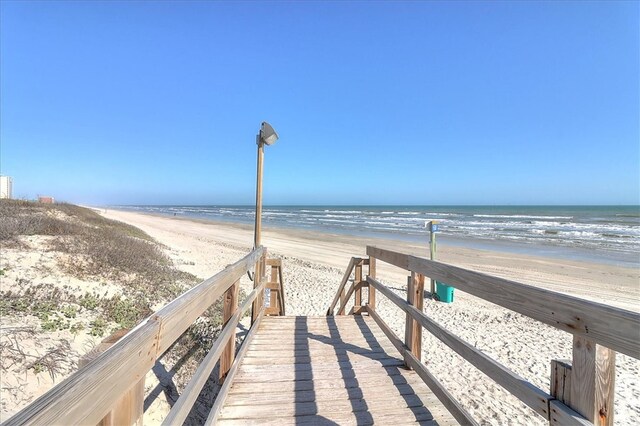 view of property's community featuring a view of the beach and a water view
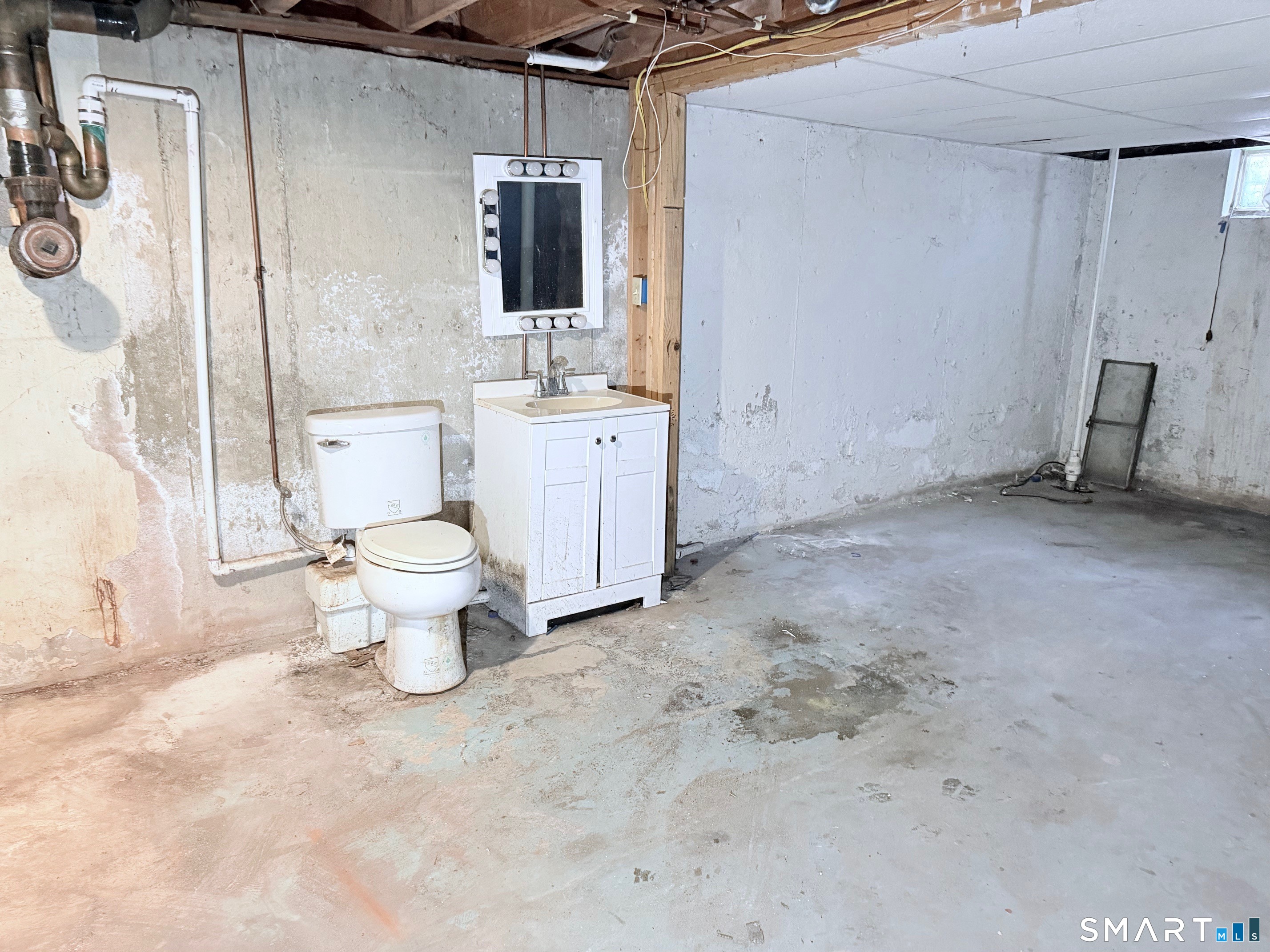 14 Wilson Lane Vernon, CT 06066 - Photo 12 of 19 a bathroom with a toilet sink a mirror and vanity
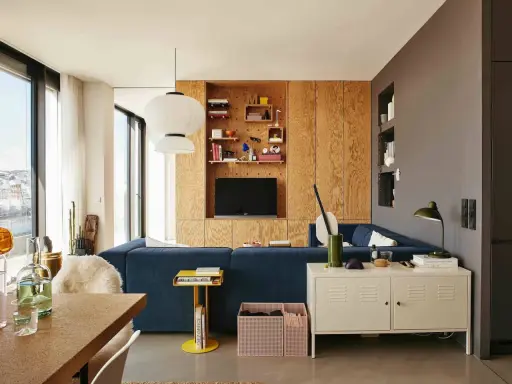 Un salón moderno con sofá azul, estanterías de madera y lámparas colgantes. Un espacio acogedor para **tini living**.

—————

- Exercise details -
Print every line of the data exactly. Pictures do not belong in the copy.

- Task result -
 view of property's community featuring a view of the beach and a water view
 14 Wilson Lane Vernon, CT 06066 - Photo 12 of 19 a bathroom with a toilet sink a mirror and vanity
 Un salón moderno con sofá azul, estanterías de madera y lámparas colgantes. Un espacio acogedor para **tini living**.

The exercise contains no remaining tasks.